▶ _Your instructions_: Would you mind restating all of the records word for word, skipping the pictures?
(Task material begins)
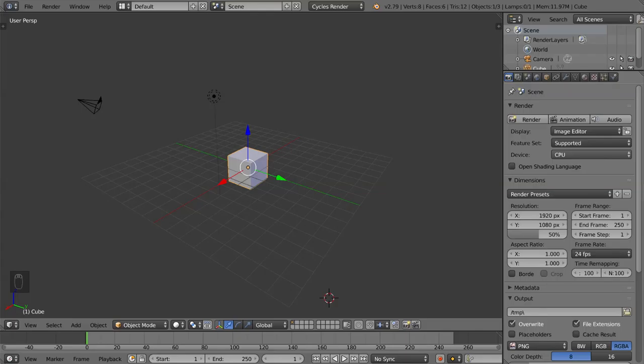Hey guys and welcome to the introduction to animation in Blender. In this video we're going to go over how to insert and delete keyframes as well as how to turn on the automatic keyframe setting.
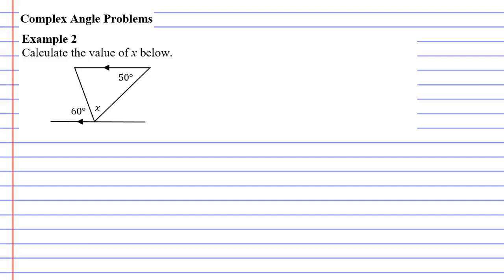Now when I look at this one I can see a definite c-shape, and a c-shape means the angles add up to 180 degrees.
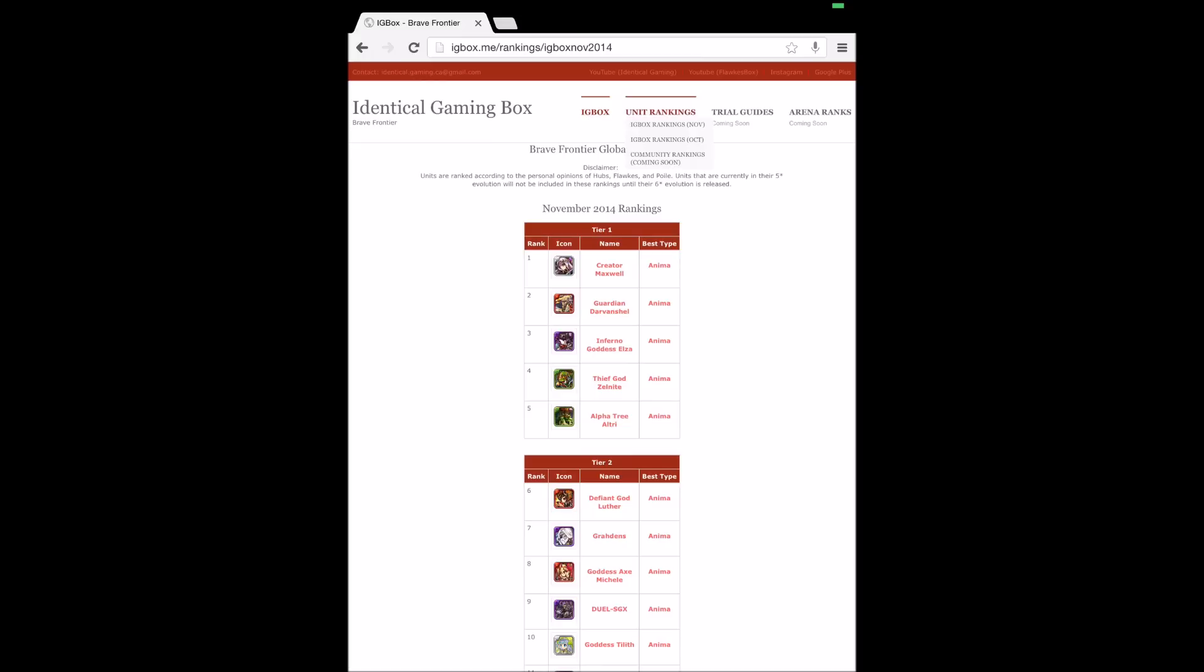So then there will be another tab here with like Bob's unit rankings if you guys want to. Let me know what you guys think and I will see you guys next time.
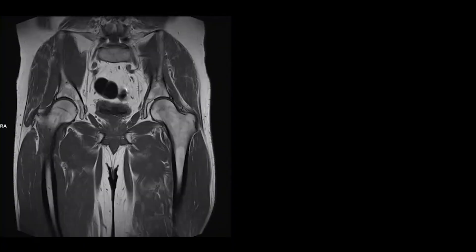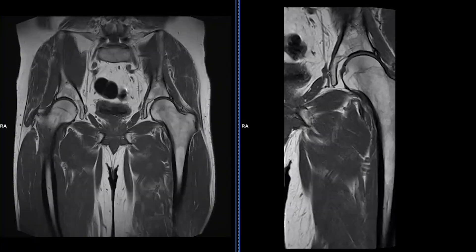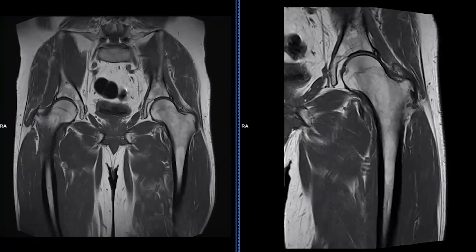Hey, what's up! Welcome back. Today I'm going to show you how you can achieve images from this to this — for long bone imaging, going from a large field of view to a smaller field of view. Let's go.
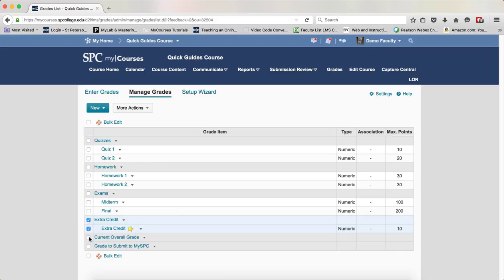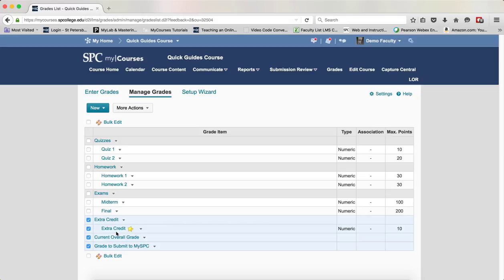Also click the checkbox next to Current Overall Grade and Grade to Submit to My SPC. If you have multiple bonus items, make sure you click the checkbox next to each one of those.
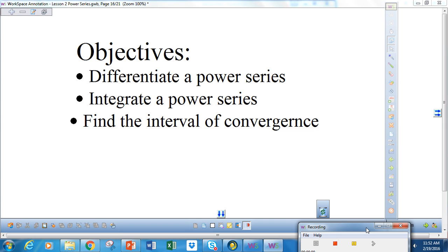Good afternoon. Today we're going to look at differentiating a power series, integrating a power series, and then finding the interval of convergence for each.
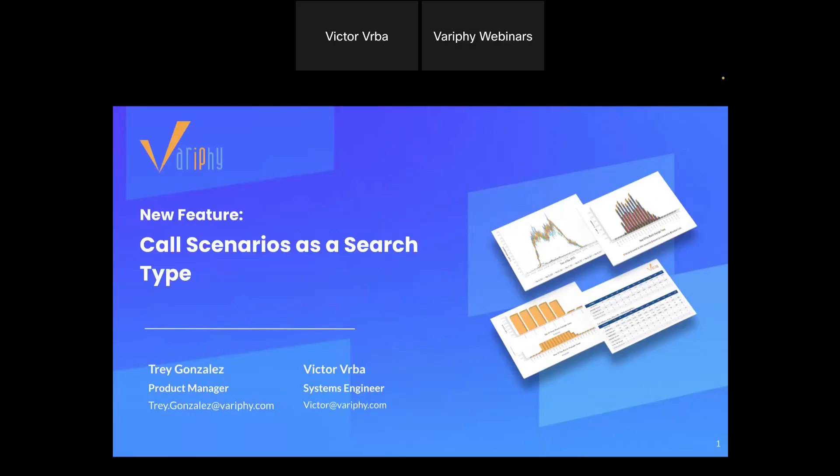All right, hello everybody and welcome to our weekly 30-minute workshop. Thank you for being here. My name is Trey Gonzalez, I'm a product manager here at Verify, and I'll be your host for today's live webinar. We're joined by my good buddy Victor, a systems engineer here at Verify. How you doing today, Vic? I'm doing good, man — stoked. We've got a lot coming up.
(Task material ends)
▶ _Response to the exercise_:
Hey guys and welcome to the introduction to animation in Blender. In this video we're going to go over how to insert and delete keyframes as well as how to turn on the automatic keyframe setting.
Now when I look at this one I can see a definite c-shape, and a c-shape means the angles add up to 180 degrees.
So then there will be another tab here with like Bob's unit rankings if you guys want to. Let me know what you guys think and I will see you guys next time.
Hey, what's up! Welcome back. Today I'm going to show you how you can achieve images from this to this — for long bone imaging, going from a large field of view to a smaller field of view. Let's go.
Also click the checkbox next to Current Overall Grade and Grade to Submit to My SPC. If you have multiple bonus items, make sure you click the checkbox next to each one of those.
Good afternoon. Today we're going to look at differentiating a power series, integrating a power series, and then finding the interval of convergence for each.
All right, hello everybody and welcome to our weekly 30-minute workshop. Thank you for being here. My name is Trey Gonzalez, I'm a product manager here at Verify, and I'll be your host for today's live webinar. We're joined by my good buddy Victor, a systems engineer here at Verify. How you doing today, Vic? I'm doing good, man — stoked. We've got a lot coming up.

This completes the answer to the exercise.